● **Problem statement**: Word-for-word repetition of the records below is needed, but only from the line holding "Toyota Aygo с пробегом, 2023" through the final line, with pictures excluded.

================================

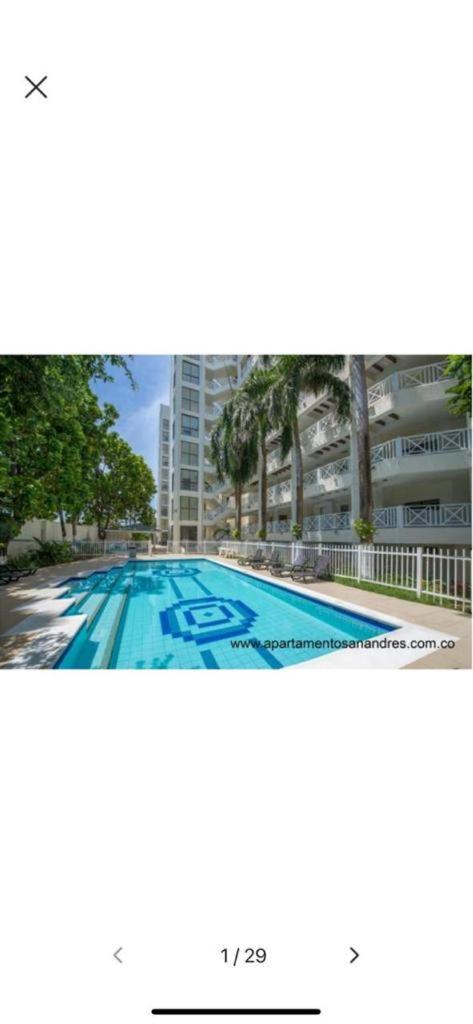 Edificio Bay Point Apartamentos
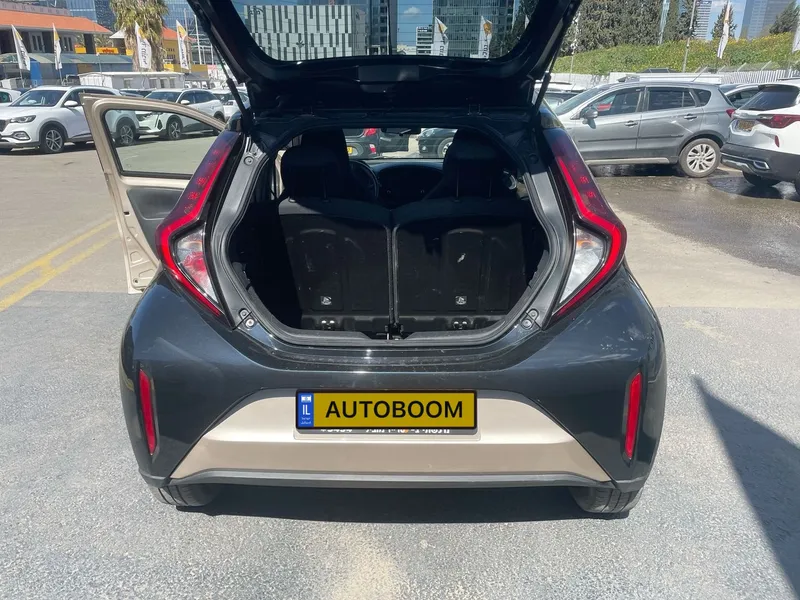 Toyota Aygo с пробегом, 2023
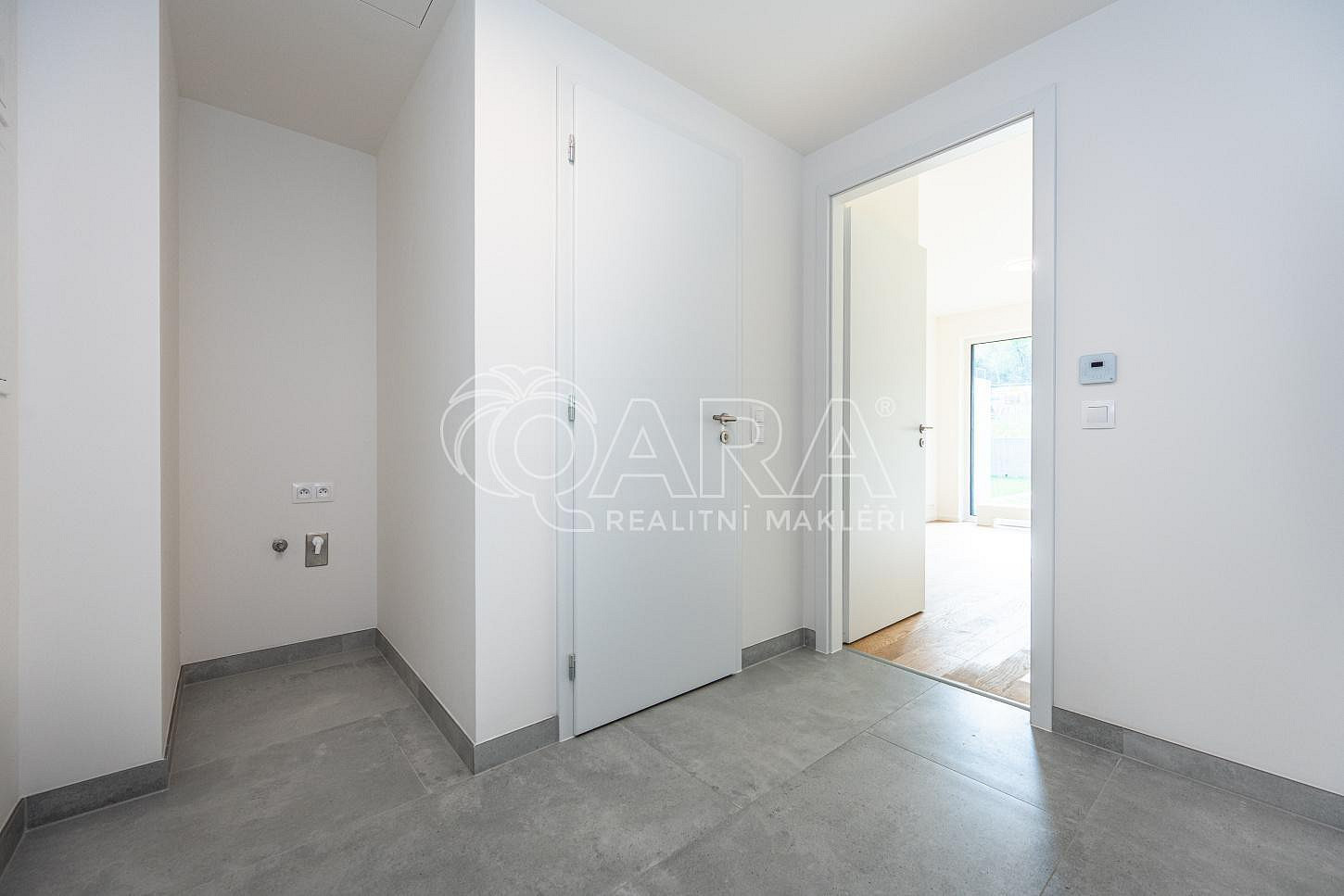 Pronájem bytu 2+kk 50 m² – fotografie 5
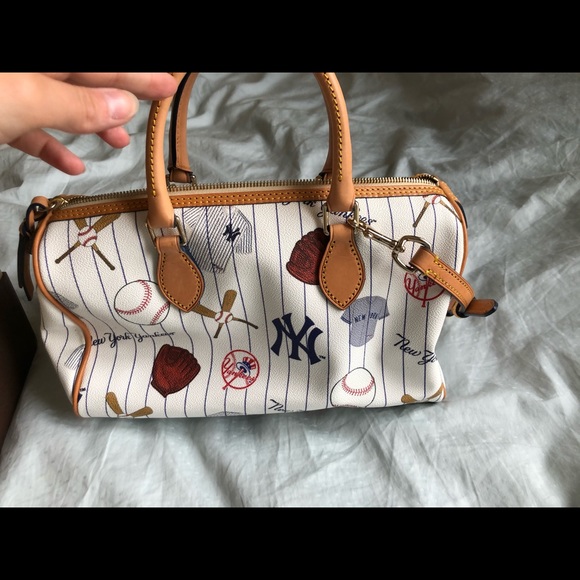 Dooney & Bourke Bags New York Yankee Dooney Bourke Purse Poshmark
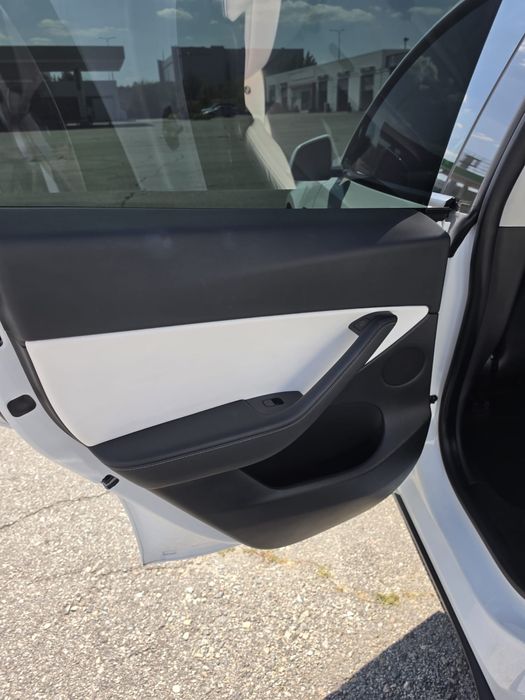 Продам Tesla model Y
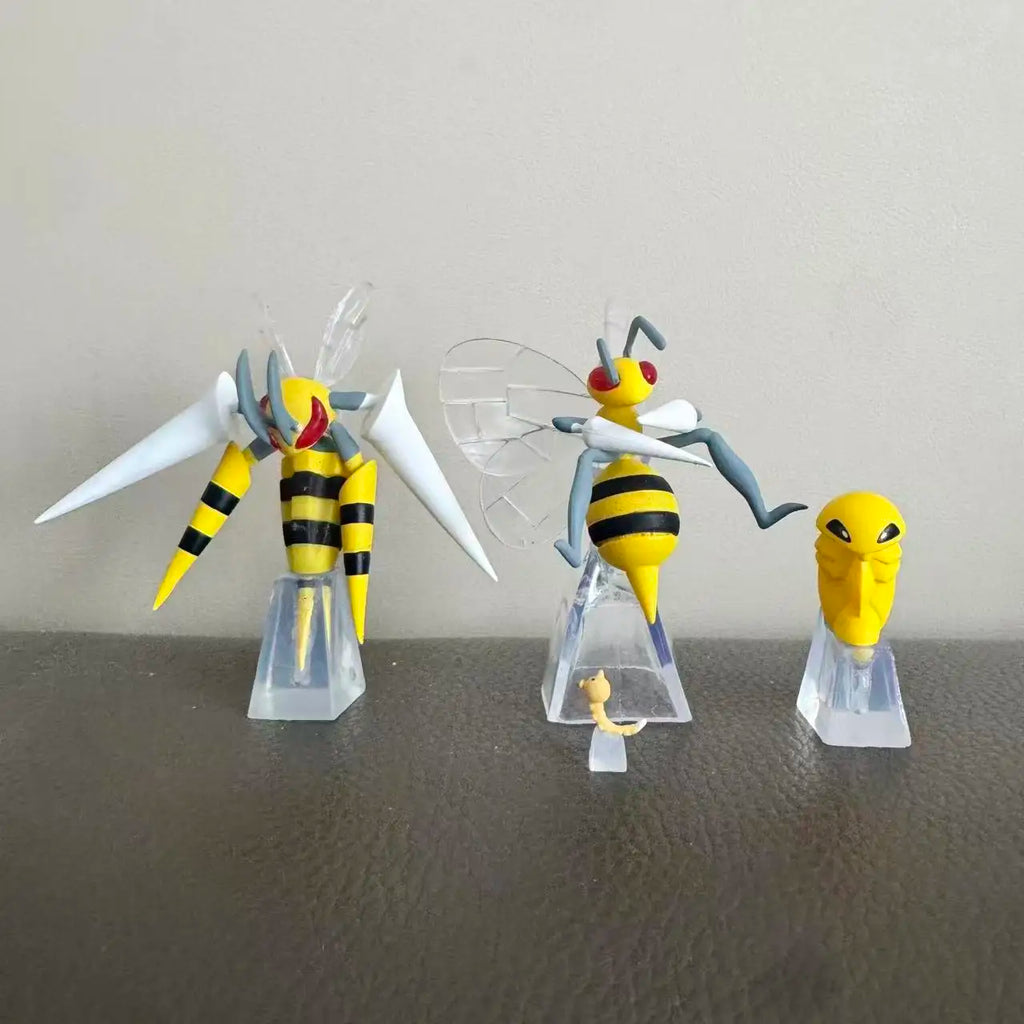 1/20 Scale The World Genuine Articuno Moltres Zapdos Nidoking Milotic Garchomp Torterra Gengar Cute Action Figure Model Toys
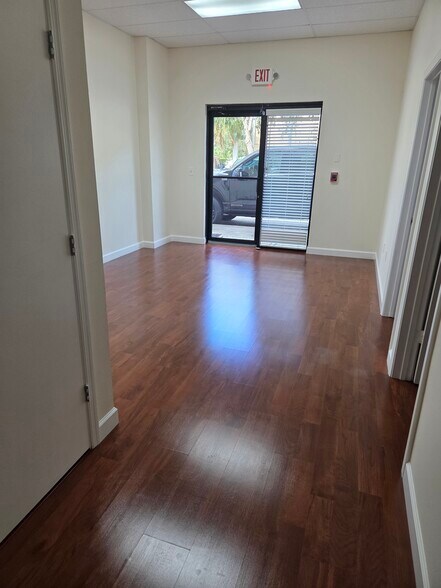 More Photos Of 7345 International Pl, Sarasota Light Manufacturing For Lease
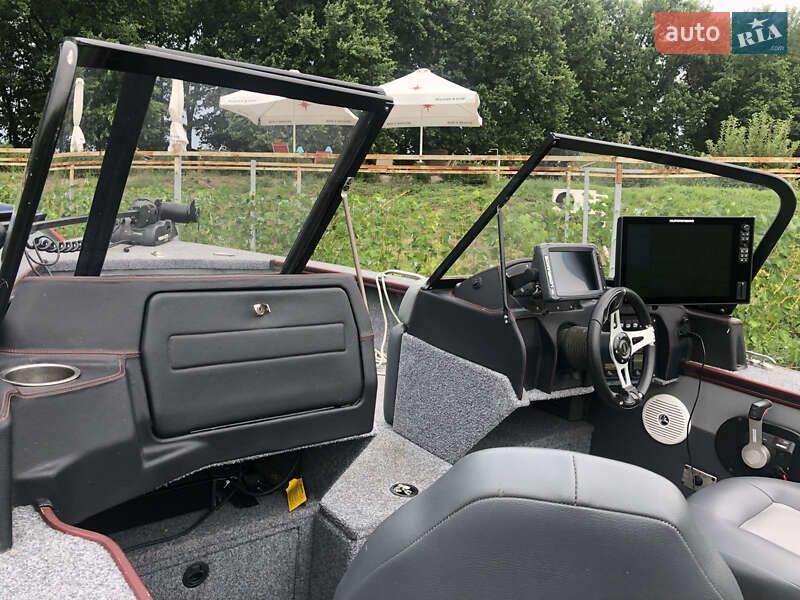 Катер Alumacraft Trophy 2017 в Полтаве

================================

● **Solution to this exercise**:
 Toyota Aygo с пробегом, 2023
 Pronájem bytu 2+kk 50 m² – fotografie 5
 Dooney & Bourke Bags New York Yankee Dooney Bourke Purse Poshmark
 Продам Tesla model Y
 1/20 Scale The World Genuine Articuno Moltres Zapdos Nidoking Milotic Garchomp Torterra Gengar Cute Action Figure Model Toys
 More Photos Of 7345 International Pl, Sarasota Light Manufacturing For Lease
 Катер Alumacraft Trophy 2017 в Полтаве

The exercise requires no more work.